China’s dominance in 2008 is an excellent example — they were hosting. They have a huge population and a government that can control and support its athletes, a temperate climate and an average income in the midst of rapid growth.

The disparity is much greater in the Winter Games than in summer, Johnson said, though he added that more countries send larger contingents to the summer Olympics, simply because it is cheaper to compete.

IU ice hockey coach Tom Orr said outfitting a hockey player costs around $2,000, $4,000 for a goalie — and that’s not including sticks, facility fees or the salaries of the coaches, trainers and other personnel necessary to train Olympians.

“We need to rent an ice rink, and those are not cheap to run, to build, to maintain,” Susi Wehrli-McLaughlin of U.S. Figure Skating said, adding that more are being built in South America and many international athletes train in the United States.

She said renting a rink can cost $150 to $400 per hour and most Olympic hopefuls spend 15 to 20 hours on the ice, in addition to off-ice cross-training.

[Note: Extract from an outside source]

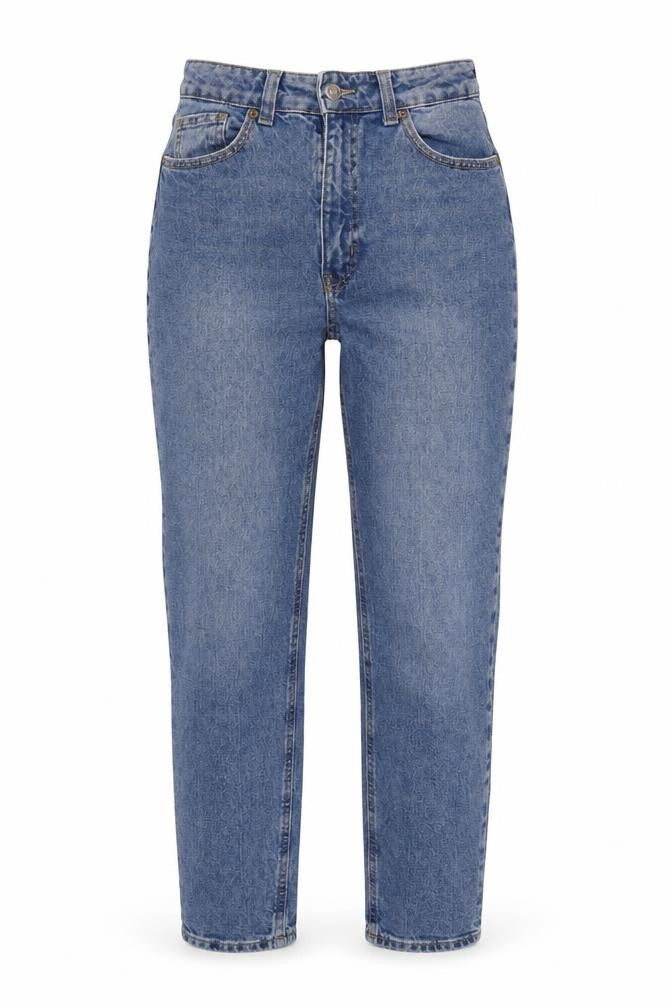 H&M Womens Blue Cotton Blend Straight Jeans Size 8 L27 in Regular Zip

A pair of high-end figure skates run about $800, especially because the boots are usually custom-made for elite skaters.

Orr and Wehrli-McLaughlin agreed that most developing countries don’t yet have the grassroots programs where training future gold medallists begins.

“It’s all a pyramid, and you have to have a strong, wide base at the grassroots level,” Wehrli-McLaughlin said. “You have to get people excited, you have to get people to try the sport, to fall in love with the sport.”